A salary sacrifice plan to save tax and boost super benefits can be started at any time, but the beginning of a new financial year is best. That gives a benefit for the whole year. If a person sacrifices $100 per week of salary, over $5,000 extra is contributed.
Salary sacrifice means giving up some spending now so we can spend more in the future. We all face the daily puzzle of how much to consume today and how much to put aside for tomorrow.
When we put money aside and invest, we gain the benefit of compound interest over the long term, a very powerful force. Interest on interest on interest builds value quickly without effort from us.
Sacrificing salary into super saves income tax. Contributions are paid out of pre-tax pay. That gives the same effect as putting cash savings into super, claiming a tax deduction, and receiving a tax refund.
Employer super guarantee and salary sacrifice contributions incur 15 per cent tax on entry to the super fund, and 15 per cent tax on ongoing income. That can be compared to our personal marginal tax rate. Our rate could be 34.5, 39 or 47 per cent including Medicare Levy.

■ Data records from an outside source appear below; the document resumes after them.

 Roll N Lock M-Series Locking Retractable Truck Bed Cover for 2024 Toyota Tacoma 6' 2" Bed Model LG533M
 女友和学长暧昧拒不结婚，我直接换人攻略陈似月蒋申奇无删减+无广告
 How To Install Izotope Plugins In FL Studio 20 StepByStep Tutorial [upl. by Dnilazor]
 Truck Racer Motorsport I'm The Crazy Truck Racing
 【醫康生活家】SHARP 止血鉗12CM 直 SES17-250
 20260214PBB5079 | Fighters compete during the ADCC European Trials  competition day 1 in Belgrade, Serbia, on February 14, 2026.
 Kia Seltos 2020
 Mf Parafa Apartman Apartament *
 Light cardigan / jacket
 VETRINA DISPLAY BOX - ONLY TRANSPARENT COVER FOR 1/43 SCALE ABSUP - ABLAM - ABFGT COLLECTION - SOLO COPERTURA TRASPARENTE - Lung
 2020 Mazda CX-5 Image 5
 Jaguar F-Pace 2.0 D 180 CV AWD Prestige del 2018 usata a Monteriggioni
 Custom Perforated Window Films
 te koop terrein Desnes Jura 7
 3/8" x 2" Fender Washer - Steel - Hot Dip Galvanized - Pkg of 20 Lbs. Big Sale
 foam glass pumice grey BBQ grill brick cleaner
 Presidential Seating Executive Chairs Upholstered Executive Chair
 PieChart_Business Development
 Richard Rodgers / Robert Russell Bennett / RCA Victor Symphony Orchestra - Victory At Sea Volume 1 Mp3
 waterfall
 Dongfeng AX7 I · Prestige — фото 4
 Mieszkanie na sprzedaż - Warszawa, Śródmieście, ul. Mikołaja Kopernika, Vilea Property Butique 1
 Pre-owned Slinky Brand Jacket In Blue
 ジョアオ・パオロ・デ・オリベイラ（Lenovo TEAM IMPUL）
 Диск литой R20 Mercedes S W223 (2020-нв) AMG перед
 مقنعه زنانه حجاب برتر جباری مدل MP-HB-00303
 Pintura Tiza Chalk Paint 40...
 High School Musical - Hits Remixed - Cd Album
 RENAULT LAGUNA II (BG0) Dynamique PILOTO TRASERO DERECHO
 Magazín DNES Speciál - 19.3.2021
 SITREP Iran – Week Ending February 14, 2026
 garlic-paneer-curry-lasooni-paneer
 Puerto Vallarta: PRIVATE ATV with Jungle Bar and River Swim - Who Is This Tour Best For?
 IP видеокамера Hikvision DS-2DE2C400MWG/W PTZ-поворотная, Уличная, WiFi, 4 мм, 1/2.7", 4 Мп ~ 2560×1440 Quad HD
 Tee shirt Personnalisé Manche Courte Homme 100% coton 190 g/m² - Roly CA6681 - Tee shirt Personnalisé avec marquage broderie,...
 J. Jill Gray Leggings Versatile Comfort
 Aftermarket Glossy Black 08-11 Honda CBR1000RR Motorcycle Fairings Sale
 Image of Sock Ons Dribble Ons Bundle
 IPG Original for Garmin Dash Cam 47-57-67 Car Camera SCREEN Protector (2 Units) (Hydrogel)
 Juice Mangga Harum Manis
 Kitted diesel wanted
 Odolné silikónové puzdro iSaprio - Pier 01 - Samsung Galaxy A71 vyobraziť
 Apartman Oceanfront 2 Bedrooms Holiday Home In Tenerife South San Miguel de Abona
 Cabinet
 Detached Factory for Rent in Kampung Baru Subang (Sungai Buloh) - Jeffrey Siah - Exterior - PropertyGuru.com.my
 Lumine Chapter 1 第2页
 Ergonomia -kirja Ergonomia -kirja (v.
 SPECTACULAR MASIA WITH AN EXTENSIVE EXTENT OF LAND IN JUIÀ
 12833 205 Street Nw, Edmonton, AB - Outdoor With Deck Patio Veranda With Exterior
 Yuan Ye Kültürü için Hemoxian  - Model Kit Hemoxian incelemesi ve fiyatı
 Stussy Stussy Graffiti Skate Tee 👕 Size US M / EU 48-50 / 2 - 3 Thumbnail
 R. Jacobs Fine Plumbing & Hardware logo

Salary sacrifice works well for people in those tax brackets. For people paying only 21 per cent the benefit is small at 6 per cent. Those under the income tax threshold should not salary sacrifice but put in $1,000 to earn the $500 government co-contribution.
The least painful way to save for a large future expense is to have a small amount deducted each payday. If it is subtracted at source, expenditure will adjust down to consume the reduced income available to it.
A small super savings amount each payday will make a big difference at retirement. Suppose a worker sacrifices $100 per week into super for the last 15 years of their career and the fund earns 8 per cent per annum. They will have an extra $127,000 at retirement.
That will boost their retirement income by around $600 per month, giving a much better living standard. The annual contribution limit of $27,500 must be kept in mind, though people with balances under $500,000 may be able to put in catchup amounts.
If a person sacrifices $100 into super it doesn’t cost them $100 of after-tax pay. The reduction in take home pay is only $65.50 for those in the most common tax bracket, and less for higher earners.
Workers under age thirty are usually focused on their mortgage and childrens’ costs. After thirty starting a small sacrifice is wise, then slowly increasing the amount over time. From age fifty contributions should be larger. Salary sacrifice is arranged through the pay office.